**PROBLEM REQUIREMENTS**
The result should be an exact copy of only the lines from the one with "Professional Web3 Development Service" through the last line of the data below, with pictures omitted.

**SOURCE DATA**

--- START ---

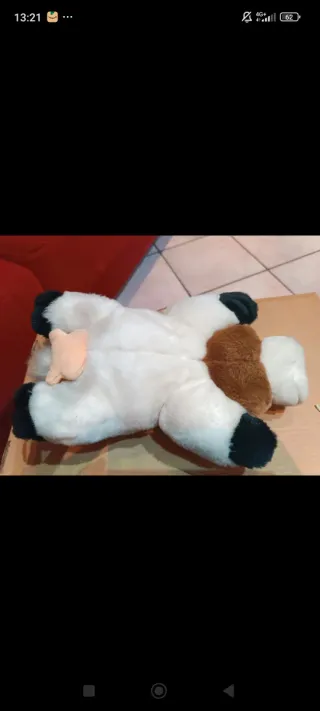 Mucca Trudi anni 2000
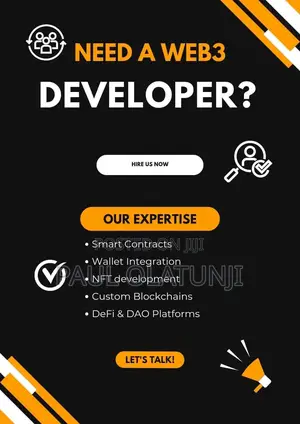 Professional Web3 Development Service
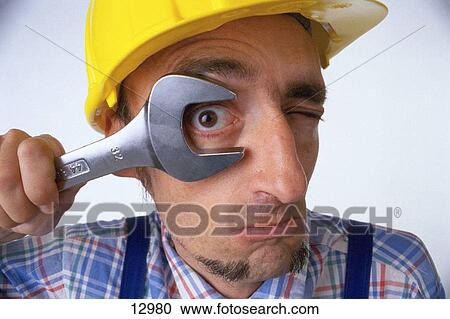 Worker View Large Photo Image Stock Image - Worker. Fotosearch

--- END ---

**RESULT OF THIS EXERCISE**
 Professional Web3 Development Service
 Worker View Large Photo Image Stock Image - Worker. Fotosearch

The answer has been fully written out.